On Monday, a release from First Selectman Fred Camillo’s office said that as of 2:30pm, according to Greenwich Health Director Caroline Baisley, 113 Greenwich residents had tested positive for COVID-19.
The release said as of noon, 90 COVID-19 positive patients were being treated at Greenwich Hospital in different units.
That tally of 90 includes patients who live in Greenwich as well as other municipalities in Connecticut and Westchester County.
To date, 41 of patients have been discharged from the hospital after treatment for COVID-19.
The release broke down the ages of those testing positive:
On a press call Monday afternoon (the conference is available to view on Yale New Haven’s Facebook) that included Diane Kelly, COO at Greenwich Hospital, she was asked if the hospital was looking at other sites for COVID-19 patients beyond the hospital and its satellite locations in Greenwich and Stamford.
“We are now just going to our in-house ‘over capacity beds,’ which are beds and locations within the hospital that are not in the traditional bed count, but can be easily taken care of in a safe manner in the hospital campus,” Kelly said. “I have 95 of those beds available and we have just started admitting into those new units.”
“We’re able to take care of everyone coming to us. As we get new people in, we are continuing to discharge,” she said.
Given that Greenwich is a town on the border with New York. Camillo was asked about the concern over President Trump’s suggestion this weekend of a potential 14-day quarantine in Connecticut for anyone coming from New York.
“We are on the border. We breathe the same air. We have people who have yards in both New York on King Street and Connecticut,” he said, adding that there are people working at Town Hall who live in New York.
“You’d be stopping every car with a New York license plate. We have people who come to Glenville Stop & Shop from New York. They are yards from the border,” Camillo added, noting that it would be difficult to enact. “It’s not something we haven’t thought of and how we’d react to it.”
He said the situation was unlike the situation in Florida with New Yorkers flying to Florida or people returning to the US from Asia. “We’re a little bit different than that,” he said.
On Friday a Zoom press conference with experts from Yale New Haven Health included Richard Martinello MD, Marna Borgstrom (MPH, President and CEO, Yale New Haven Health System), and Dr. Tom Balcezak (MD, MPH) was attended remotely by more than 150 reporters.
Negative Pressure Mode Patient Rooms
During that conference the doctors Dr. Balcezak said that in New Haven the Smilow Cancer Hospital’s top three floors can be turned into negative pressure mode, and that cancer patients are being relocated to another part of the institution.
In turn, those three floors, with negative pressure, are now available for COVID-19 patients.
“It was an enormous undertaking that went extremely smoothly and as of Friday and the top floor is was already occupied on Friday with COVID-19 patients,” Dr. Balcezak said.
Dr. Martinello explained that negative pressure simply refers to a difference in pressure between a patient’s room and the hallway.
“Negative pressure rooms are where the air flow goes from the hallway into the patient’s room, and the air from the patient’s room is exhausted outside.”
Dr.

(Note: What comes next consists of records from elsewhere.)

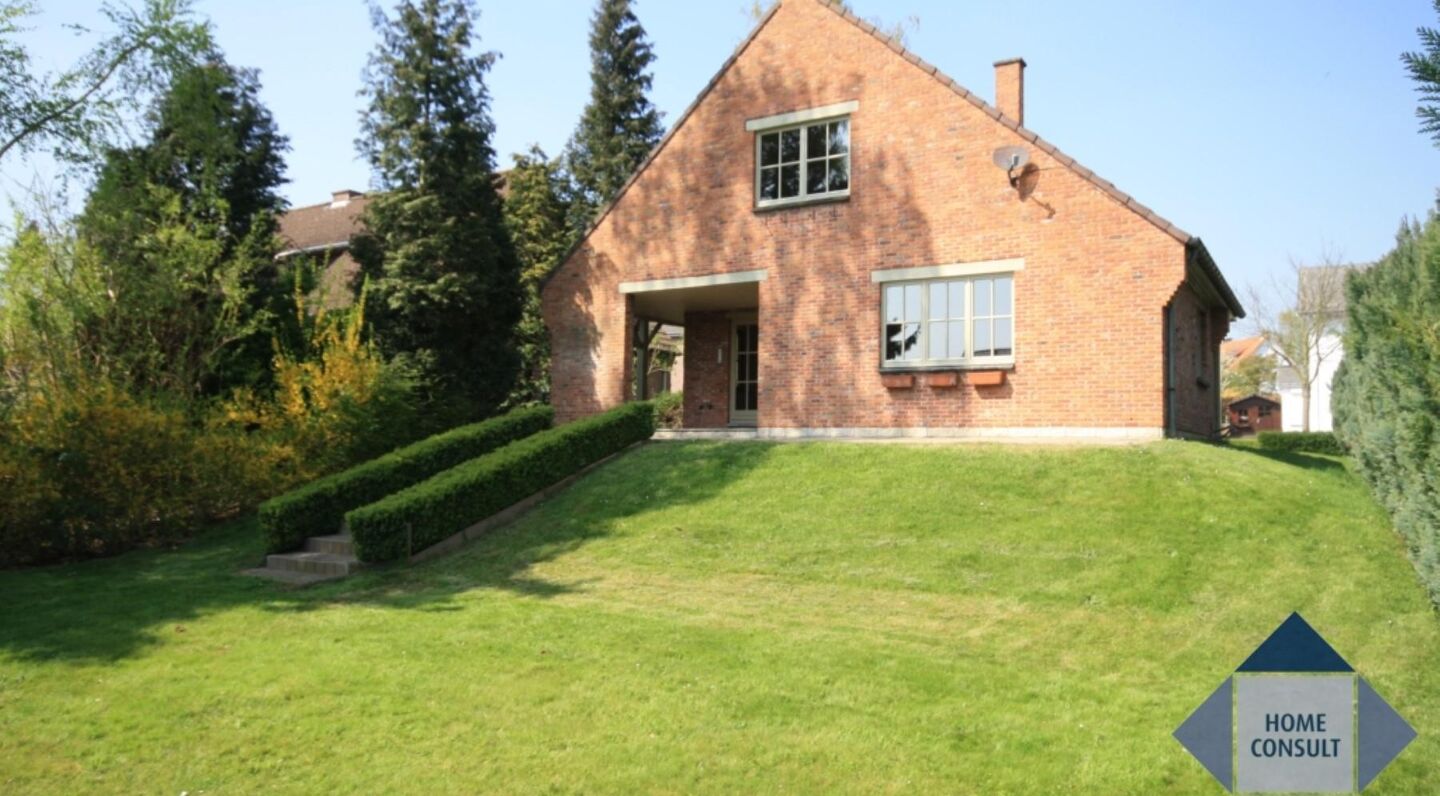 Villa for rent in Sterrebeek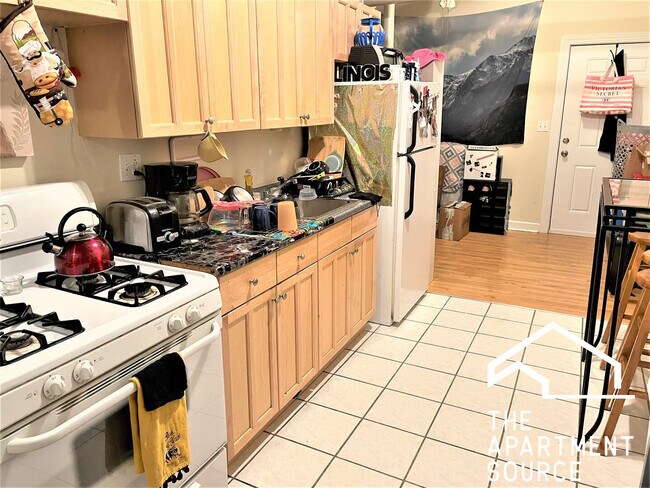 Foto del edificio - 4400 N Winchester Ave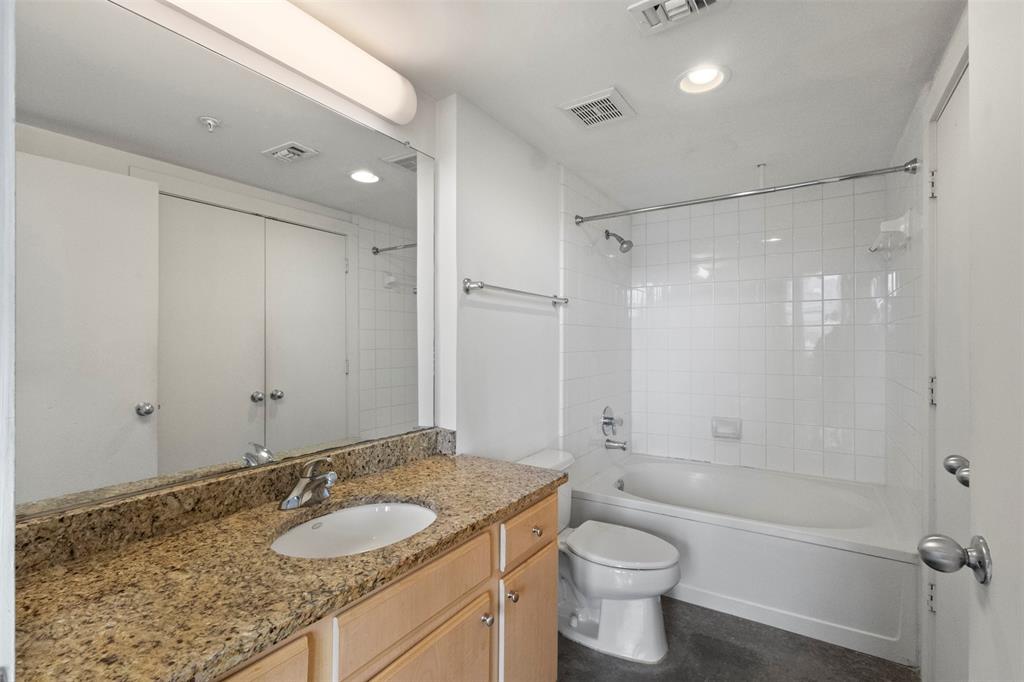 Live Oak Lofts Condo - Residential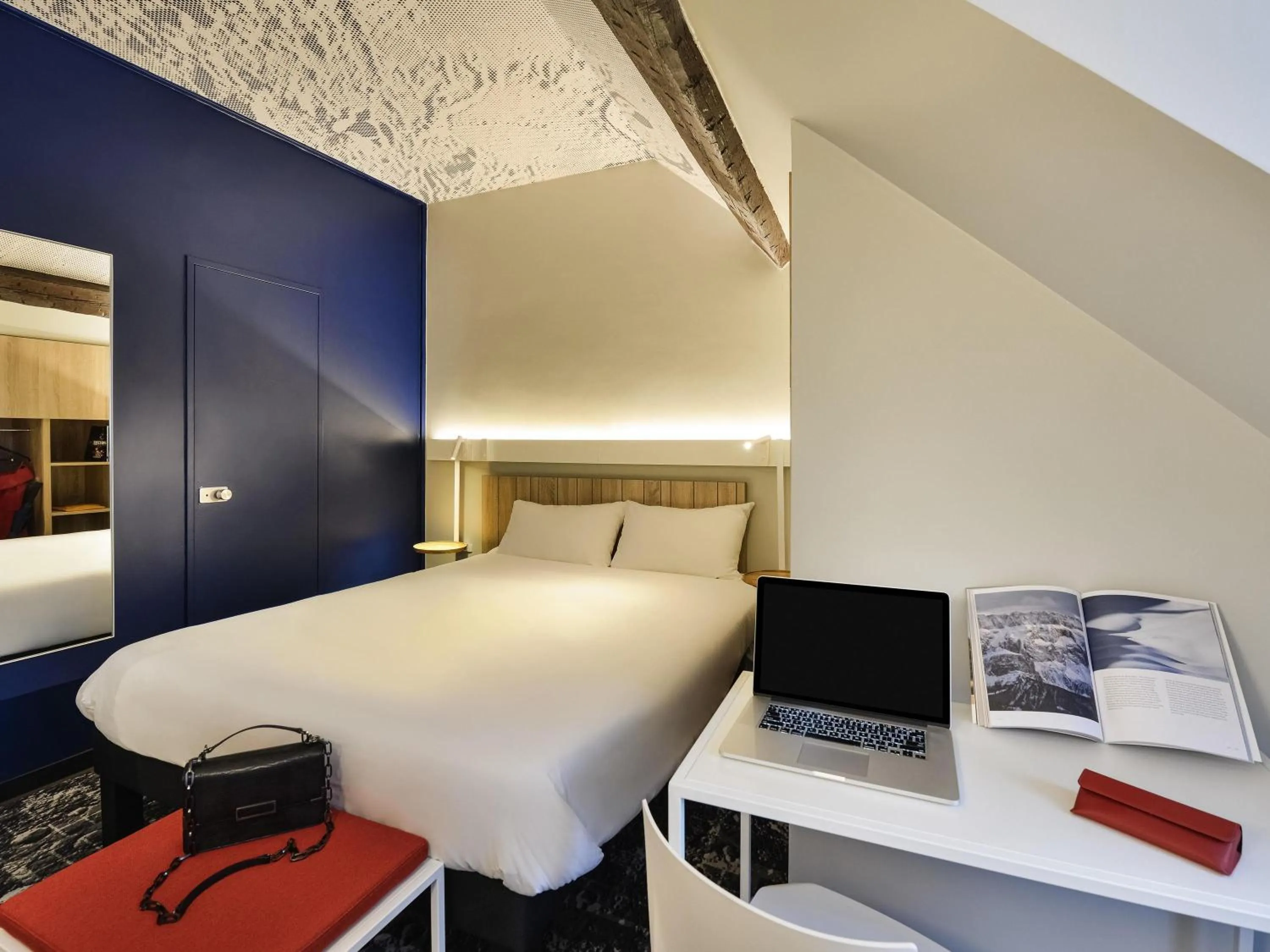 Bedroom, Bed in ibis Paris Gare De L Est 10ème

Martinello said that system creates a space that is safe for staff to work in because the germs from a patient’s room will be contained in that room and then the air is exhausted outside where the sunlight and dilution from the air outside can effectively decontaminate it.”
“It allows our staff to have a safe place to work while the patients are in their rooms and the doors are closed,” he said.
Ramping up for a Surge
As for increasing capacity to anticipate a wave of infections moving north from Manahattan to southwestern Connecticut, Dr. Balcezak said, “We began our process of assessing where our capabilities were and where we could flex them about 9 weeks ago…We looked at how many additional bed spaces, how many negative pressure rooms, how many ventilators and how they could expand capabilities of health care workers.”
As for personal protective equipment, Dr. Martinello said supplies have been quite limited, and the Yale New Haven coordinators of the supply chain system have been trying to identify new and creative sources.
He said they have been receiving about 100 offers a day. There is a dedicated email for donations: firstname.lastname@example.org.
Asked about the supply of N95 masks and policy on reusing them, Balcezak said currently the supply is adequate for the existing number of patients.
“We’re lucky to have testing in-house capabilities for patients,” he said. “When we rule in or rule out patients, for those patients who don’t have COVID-19 and are testing negative, we don’t have to use the N95 masks. And we can find out rapidly because we have that testing capability.”
Balcezak said, “As the pandemic spreads, we’ll probably be tested as to the numbers of N95s we have, and we are being careful stewarding that resource.”
Beyond that, he said N95 masks are being collected and held in reserve.
“If we can reprocess them safely and eliminate the risk of infection from those masks, and prove they continue to work and serve their original function, as our supplies dwindle, we may try to reuse those masks in the future,” he said.